Thursday, January 8, 2009

The Pain of Glen Gould's Greatness


How hard is it to keep meaning afloat? D. N. sent me the following:

“The novel, The Loser, is written by Thomas Bernhard and is one of several novels that I've read of his. He's an existentialist who is always confronting his protagonist with indecision and decisive action by a secondary character. The loser has three characters, Glenn Gould, Wertheimer and the narrator who all studied with Horowitz in Salzburg. His novel is perfect for me to be reading once again as he writes of "comparisons" that we artists often make in lessening our selves and our works.

“In Bernhard's The Loser, the narrator's first encounter with Glenn Gould's piano expertise as a performer is devastating to his career as a concert pianist. Wertheimer is likewise devastated. Both Wertheimer and the narrator abandon their careers eventually because they are not as good as Glenn Gould. Of course, they wanted to be the very best in the world and nothing less. The narrator commits suicide and Wertheimer gives up and goes into science. Thus the title to the novel, The Loser.
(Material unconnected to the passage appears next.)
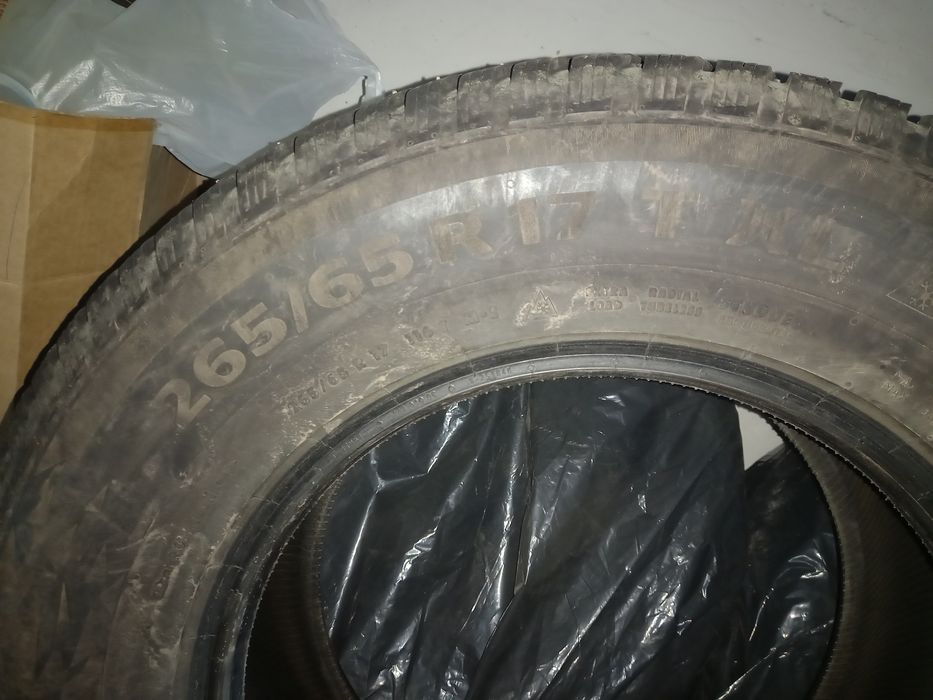 Продам шины б/у R17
“The subject matter interests me as to how an artist deals with comparisons when reaching for being ‘the greatest artist.’ It need not even be ‘the greatest artist’ but perhaps discovering that some other artist arrived at one's imagery before and is recognized as the first one or originator. And then there are all the awards that tell us as artists that we’re great; and for those who haven't received any awards - well they're 'less than'.”

Yes, this is yet another reason why it is so hard to keep meaning afloat!